### Task objective
Copy each line below in which the string "Nike" occurs.

### Dataset
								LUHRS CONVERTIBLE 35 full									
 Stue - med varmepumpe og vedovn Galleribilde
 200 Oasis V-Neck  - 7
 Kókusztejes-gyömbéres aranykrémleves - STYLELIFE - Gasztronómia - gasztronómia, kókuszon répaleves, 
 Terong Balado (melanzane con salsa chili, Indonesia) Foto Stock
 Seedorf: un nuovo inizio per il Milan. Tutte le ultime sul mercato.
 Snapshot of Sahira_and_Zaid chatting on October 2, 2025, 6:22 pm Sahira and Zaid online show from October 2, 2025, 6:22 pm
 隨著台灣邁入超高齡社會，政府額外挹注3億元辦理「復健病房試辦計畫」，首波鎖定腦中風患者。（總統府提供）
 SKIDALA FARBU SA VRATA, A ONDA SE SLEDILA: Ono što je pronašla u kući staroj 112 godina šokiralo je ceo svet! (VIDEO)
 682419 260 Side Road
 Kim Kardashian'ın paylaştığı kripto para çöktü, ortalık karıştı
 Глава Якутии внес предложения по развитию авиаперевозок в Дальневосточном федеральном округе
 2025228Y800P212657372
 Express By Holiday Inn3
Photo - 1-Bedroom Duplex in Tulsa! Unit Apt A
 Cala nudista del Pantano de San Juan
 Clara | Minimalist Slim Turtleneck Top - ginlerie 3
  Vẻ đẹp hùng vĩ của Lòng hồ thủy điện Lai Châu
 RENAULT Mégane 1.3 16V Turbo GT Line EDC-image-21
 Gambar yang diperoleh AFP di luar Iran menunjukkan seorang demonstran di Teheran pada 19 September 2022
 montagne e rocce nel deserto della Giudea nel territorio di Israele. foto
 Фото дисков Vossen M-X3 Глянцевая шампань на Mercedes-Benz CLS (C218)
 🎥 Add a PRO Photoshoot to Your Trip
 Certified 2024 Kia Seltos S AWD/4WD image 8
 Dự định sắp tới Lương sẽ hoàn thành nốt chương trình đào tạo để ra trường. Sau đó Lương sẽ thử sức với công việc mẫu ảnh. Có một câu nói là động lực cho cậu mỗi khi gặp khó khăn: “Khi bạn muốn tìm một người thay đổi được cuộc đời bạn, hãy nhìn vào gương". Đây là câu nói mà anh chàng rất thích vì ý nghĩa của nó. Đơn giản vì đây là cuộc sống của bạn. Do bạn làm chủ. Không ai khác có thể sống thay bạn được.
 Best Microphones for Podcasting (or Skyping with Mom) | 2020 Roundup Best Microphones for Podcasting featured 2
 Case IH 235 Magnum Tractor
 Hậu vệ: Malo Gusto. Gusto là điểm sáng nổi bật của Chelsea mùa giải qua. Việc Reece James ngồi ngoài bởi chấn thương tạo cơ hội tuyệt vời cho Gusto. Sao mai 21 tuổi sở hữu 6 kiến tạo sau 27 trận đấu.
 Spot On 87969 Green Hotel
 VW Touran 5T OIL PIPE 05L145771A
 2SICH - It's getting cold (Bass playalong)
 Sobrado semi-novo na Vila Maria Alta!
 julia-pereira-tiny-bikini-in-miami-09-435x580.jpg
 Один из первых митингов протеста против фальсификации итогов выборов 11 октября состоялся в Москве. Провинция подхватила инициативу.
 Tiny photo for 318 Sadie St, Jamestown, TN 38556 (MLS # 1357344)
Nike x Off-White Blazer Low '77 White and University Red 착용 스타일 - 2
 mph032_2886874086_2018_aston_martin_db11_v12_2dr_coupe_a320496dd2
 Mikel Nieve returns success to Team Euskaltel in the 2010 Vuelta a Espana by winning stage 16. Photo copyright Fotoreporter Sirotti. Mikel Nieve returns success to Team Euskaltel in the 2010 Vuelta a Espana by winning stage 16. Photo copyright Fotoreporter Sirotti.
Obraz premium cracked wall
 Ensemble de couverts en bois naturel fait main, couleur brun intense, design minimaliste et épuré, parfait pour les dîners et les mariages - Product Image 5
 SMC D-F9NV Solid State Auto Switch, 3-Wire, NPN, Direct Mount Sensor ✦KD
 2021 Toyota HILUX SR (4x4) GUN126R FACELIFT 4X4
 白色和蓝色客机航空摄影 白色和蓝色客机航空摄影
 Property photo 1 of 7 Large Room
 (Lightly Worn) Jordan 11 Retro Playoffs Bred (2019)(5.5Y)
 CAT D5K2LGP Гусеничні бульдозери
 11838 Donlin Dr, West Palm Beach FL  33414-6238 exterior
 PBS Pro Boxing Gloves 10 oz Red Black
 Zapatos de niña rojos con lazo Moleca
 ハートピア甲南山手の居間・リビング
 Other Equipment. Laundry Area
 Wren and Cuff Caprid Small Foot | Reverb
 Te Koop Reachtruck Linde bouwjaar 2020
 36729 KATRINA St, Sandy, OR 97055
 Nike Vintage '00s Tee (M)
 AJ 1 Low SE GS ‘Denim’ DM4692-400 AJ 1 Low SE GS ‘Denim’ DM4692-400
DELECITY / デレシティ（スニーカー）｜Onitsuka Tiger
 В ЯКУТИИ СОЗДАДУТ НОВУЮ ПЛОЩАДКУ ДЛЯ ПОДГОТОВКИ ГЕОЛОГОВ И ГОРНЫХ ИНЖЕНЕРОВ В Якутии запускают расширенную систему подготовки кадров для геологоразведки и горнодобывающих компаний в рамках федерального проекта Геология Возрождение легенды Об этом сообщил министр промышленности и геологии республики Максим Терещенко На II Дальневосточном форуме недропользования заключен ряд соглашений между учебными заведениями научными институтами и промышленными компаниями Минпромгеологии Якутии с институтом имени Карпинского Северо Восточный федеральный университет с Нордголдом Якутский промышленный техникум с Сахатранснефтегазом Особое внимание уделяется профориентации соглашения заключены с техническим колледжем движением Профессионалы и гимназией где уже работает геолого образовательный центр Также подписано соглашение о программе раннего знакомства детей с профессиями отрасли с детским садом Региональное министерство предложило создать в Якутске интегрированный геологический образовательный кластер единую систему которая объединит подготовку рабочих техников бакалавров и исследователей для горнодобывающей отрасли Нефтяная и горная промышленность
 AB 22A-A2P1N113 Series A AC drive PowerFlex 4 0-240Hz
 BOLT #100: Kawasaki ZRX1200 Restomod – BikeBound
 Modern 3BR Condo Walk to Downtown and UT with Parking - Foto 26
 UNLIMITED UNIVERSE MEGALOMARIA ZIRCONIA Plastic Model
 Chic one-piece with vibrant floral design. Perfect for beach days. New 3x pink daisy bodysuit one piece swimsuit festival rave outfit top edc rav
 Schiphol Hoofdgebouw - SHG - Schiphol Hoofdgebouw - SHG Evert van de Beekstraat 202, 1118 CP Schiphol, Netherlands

### Output of the task
Nike x Off-White Blazer Low '77 White and University Red 착용 스타일 - 2
 Nike Vintage '00s Tee (M)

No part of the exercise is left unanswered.